A token is something which implements the following interface:
```ts
export interface IGetToken {

/**
* Length in bytes of encoded value
*/
len: number;

/**
* Decode value from buffer at offset
* @param buf Buffer to read the decoded value from
* @param off Decode offset
*/
get(buf: Uint8Array, off: number): T;
}
```
The *tokenizer* reads `token.len` bytes from the *tokenizer-stream* into a Buffer.
The `token.get` will be called with the Buffer. `token.get` is responsible for conversion from the buffer to the desired output type.

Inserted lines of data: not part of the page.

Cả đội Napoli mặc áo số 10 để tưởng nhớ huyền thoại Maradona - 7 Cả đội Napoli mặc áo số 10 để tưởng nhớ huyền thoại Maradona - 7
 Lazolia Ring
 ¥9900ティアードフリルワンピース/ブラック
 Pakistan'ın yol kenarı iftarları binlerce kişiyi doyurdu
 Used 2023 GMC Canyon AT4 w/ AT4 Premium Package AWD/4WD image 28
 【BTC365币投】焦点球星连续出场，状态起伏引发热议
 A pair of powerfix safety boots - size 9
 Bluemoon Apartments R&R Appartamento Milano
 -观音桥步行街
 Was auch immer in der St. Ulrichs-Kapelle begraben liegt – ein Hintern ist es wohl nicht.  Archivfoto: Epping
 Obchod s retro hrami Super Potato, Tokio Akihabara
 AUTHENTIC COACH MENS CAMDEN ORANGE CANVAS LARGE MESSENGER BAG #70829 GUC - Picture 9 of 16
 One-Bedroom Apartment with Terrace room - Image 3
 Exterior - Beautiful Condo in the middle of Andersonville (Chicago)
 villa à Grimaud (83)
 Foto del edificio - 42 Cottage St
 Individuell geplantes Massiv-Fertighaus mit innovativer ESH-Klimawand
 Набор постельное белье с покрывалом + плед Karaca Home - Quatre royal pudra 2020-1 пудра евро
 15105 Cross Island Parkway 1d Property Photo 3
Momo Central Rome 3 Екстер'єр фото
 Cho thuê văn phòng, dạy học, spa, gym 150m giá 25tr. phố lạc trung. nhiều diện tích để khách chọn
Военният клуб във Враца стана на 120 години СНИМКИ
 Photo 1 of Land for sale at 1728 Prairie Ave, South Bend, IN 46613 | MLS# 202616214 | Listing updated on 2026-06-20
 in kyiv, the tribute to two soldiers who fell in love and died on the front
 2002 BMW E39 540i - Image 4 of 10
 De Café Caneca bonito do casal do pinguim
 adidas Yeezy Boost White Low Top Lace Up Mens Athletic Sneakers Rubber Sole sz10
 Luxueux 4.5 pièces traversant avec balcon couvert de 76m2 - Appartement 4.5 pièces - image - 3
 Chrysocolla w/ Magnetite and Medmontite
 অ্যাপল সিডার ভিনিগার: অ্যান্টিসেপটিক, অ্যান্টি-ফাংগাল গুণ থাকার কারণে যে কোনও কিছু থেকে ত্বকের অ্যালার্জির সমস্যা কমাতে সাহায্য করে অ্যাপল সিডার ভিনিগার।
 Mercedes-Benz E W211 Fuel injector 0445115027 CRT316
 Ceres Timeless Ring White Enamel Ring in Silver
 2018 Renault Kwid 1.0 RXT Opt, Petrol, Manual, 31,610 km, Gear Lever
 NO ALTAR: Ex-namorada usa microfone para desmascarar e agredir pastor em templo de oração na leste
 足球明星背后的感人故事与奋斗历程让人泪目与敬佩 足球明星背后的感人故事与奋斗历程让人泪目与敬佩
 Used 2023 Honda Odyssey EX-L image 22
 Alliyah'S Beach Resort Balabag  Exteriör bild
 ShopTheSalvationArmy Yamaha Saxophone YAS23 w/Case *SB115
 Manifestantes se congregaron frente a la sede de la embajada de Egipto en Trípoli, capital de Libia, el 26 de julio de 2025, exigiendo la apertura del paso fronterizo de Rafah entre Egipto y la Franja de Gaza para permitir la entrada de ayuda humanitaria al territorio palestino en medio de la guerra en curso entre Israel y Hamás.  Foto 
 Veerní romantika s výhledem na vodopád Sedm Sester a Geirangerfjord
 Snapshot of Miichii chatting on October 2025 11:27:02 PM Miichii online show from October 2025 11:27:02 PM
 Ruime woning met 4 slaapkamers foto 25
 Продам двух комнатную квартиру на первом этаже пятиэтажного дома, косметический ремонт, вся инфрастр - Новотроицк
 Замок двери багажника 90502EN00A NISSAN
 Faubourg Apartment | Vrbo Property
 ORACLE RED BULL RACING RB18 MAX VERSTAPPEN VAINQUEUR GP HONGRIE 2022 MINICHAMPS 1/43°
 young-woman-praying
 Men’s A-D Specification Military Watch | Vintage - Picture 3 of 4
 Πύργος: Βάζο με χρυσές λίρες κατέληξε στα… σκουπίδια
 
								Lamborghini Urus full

### Working with Web-API readable stream
To convert a [Web-API readable stream](https://developer.mozilla.org/en-US/docs/Web/API/ReadableStreamDefaultReader) into a [Node.js readable stream]((https://nodejs.org/api/stream.html#stream_readable_streams)), you can use [readable-web-to-node-stream](https://github.com/Borewit/readable-web-to-node-stream) to convert one in another.

```js
import { fromWebStream } strtok3 from 'strtok3';
import { ReadableWebToNodeStream } from 'readable-web-to-node-stream';

(async () => {

const response = await fetch(url);
const readableWebStream = response.body; // Web-API readable stream
const webStream = new ReadableWebToNodeStream(readableWebStream); // convert to Node.js readable stream

const tokenizer = fromWebStream(webStream); // And we now have tokenizer in a web environment
})();
```

## Dependencies

The diagram below illustrates the primary dependencies of `strtok3`:

```mermaid
graph TD;
S(strtok3)-->P(peek-readable)
S(strtok3)-->TO("@tokenizer/token")
```

- [peek-readable](https://github.com/Borewit/peek-readable): Manages reading operations with peeking capabilities, allowing data to be previewed without advancing the read pointer.
- [@tokenizer/token](https://github.com/Borewit/tokenizer-token): Provides token definitions and utilities used by `strtok3` for interpreting binary data.

## Licence

This project is licensed under the [MIT License](LICENSE.txt). Feel free to use, modify, and distribute as needed.